→ Collected material:

***

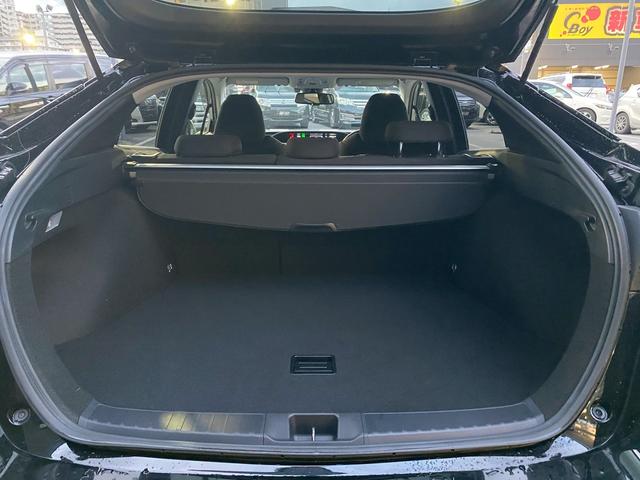 プリウス Sセーフティプラス ワンオーナー 純正SDナビ ワンセグTV ブルートゥース バックカメラ プリクラッシュセーフティ レーダークルーズコントロール クリアランスソナー ビルトインETC パーキングアシスト 革巻ハンドル(13枚目)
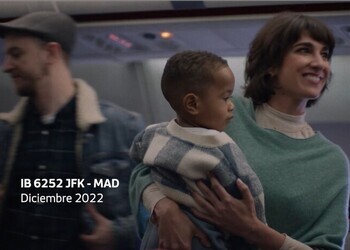 “Vuelos que te cambian la vida” en la campaña de Navidad de Iberia
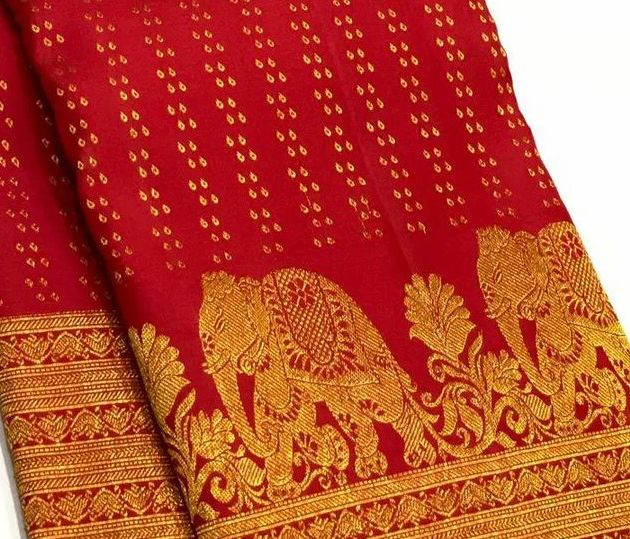 Desirable Red Soft Banarasi Silk Saree With Opulent Blouse Piece - Image 3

***

→ What you need to do:
Strip out the pictures and reproduce the remaining material above exactly.

→ Task solution:
 プリウス Sセーフティプラス ワンオーナー 純正SDナビ ワンセグTV ブルートゥース バックカメラ プリクラッシュセーフティ レーダークルーズコントロール クリアランスソナー ビルトインETC パーキングアシスト 革巻ハンドル(13枚目)
 “Vuelos que te cambian la vida” en la campaña de Navidad de Iberia
 Desirable Red Soft Banarasi Silk Saree With Opulent Blouse Piece - Image 3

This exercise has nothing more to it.